----- Data to process -----
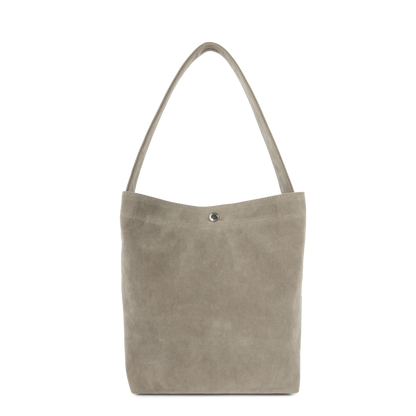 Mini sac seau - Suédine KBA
-----
----- Data to process -----
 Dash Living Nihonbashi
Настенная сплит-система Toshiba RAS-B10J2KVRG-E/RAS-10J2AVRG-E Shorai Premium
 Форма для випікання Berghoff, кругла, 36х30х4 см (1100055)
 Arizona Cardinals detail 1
-----
----- Data to process -----
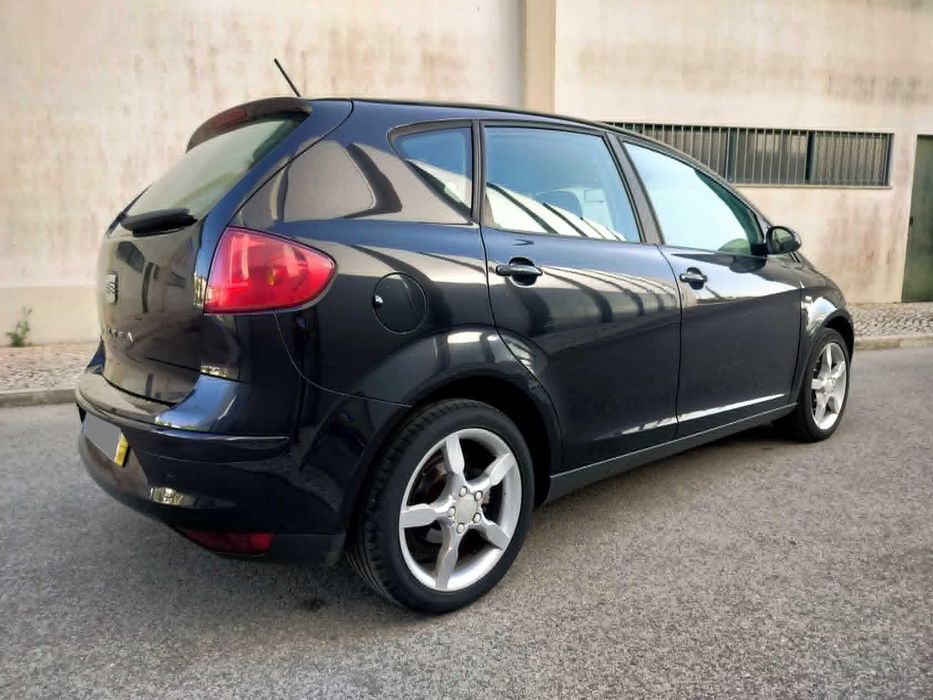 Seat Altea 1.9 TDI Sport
-----
Problem to work on: Go to the line in the material above that contains "Dash Living Nihonbashi" and copy exactly from there through the line that contains "Arizona Cardinals detail 1", stopping after it.

Solution to the problem:
 Dash Living Nihonbashi
Настенная сплит-система Toshiba RAS-B10J2KVRG-E/RAS-10J2AVRG-E Shorai Premium
 Форма для випікання Berghoff, кругла, 36х30х4 см (1100055)
 Arizona Cardinals detail 1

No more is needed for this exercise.